Located on the Miramar Peninsula to the southeast of Wellington, Miramar Golf Club has operated at the same location since 1908. The arrival of Wellington airport immediately to the west of the property in 1935 sounded alarm bells for the club’s survival but – so far – it’s managed to stave off threats of air transport expansion.
Unfortunately, in the Wellington Airport 2040 Masterplan (issued in October 2019) it was stated: “the airport is seeking to acquire the former Miramar South School site land and the southern portion of Miramar Golf Course to provide space for additional aircraft stands, taxiways and aprons” so it appears unlikely that the club will hold onto all of its land for much longer.
For now, the course extends to a modest 5,552 metres from the back markers, playing to a par of 70; 36 out and 34 in, with the considerably shorter inward half featuring three par threes and only one par five. Feature holes include the first of the short holes at the 149-metre 6th (“Coates Fancy”) and two short par fours on the on the back nine at the 12th (“Moa Point) and 14th (“Summit”).
In 1926 and 1939, Miramar hosted the annual national golf tournament that used to determine the winners of the NZ Amateur, NZ Open and NZ PGA championships then the Amateur returned to the club in 1965. The NZ Women’s Amateur has also been staged here on four occasions, the first of which was held as far back as 1896.
Let’s start with the bad news – Miramar isn’t big on what certain golf magazines call “ambience”. If you dropped a ball at the front doors of Wellington Airport, you wouldn’t need to be a gorilla in order to hit the 18th green at Miramar with a gap wedge. Now, Wellington Airport has plenty of ambience compared to other airports, but that’s a pretty low bar as far as golf courses go. Me, I don’t care about that type of thing – it’s all about the golf, not the scenery.
The other black mark in the ambience column is that you look out over the golf course before your game, and the initial impression is that this clearly was a flat paddock (apart from the elevation at the southern borders of the course) that has been covered in fairly uniform mounds, mostly down the tramlines of each hole, with many fairways being ripple-free. In other words, it is clearly artificial, and the shapers did not seem to have had the artistry or resources to make it look really natural. I’m not saying that’s a bad thing – some great golf courses look very artificial.
But for me, once you start playing, that mediocre first impression melts away. Firstly, once you’re in the midst of each hole, it feels much less like bog-standard containment mounding, and you realise that a lot of these bespoke undulations have decent strategic value. Straight away, the opening drive needs to be perfectly placed or you are faced with a tricky first iron shot into a semi-concealed, defly angled green – all created by mounding around the green. The par 5 5th , which I’m sure was pancake flat before Graham Marsh and his team came along, is a great strategic hole, and it’s all about the bunkering and mounding. There are many other moments like this, and the stretch from 12-15 makes really good use of the only semi-interesting landforms available.
Don’t be put off by the limited yardage (just over 6000yds / 5500m). There’s two quantifiable reasons why that’s not so much of an issue; a) it’s par 70, and b) Wellington is the windiest city on Earth (apparently).

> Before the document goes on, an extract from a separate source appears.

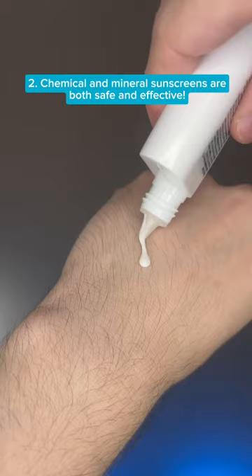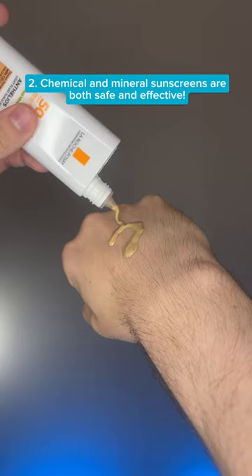Second, chemical sunscreens rub in more easily, while mineral sunscreens are better for sensitive skin. Both are safe and effective, so use the type that you like the most.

You don’t want 7000 yards of golf course here - it would be beyond brutal.
I’m not saying this is some sort of world-class course (most of the par 3s are “meh”), but I think it’s pretty incredible how they have taken such a tiny parcel of unpromising land, and created an 18 hole course that gives you plenty of interest and a number of genuinely thrilling shots. This is very much a case of “something out of nothing”, and it has my admiration for that.
Big post-script – Miramar might not last too much longer as an 18 hole course. According to Kiwi news sources, Wellington Airport has bought half of the land, but plans to develop the land have been put on hold due to the pandemic situation.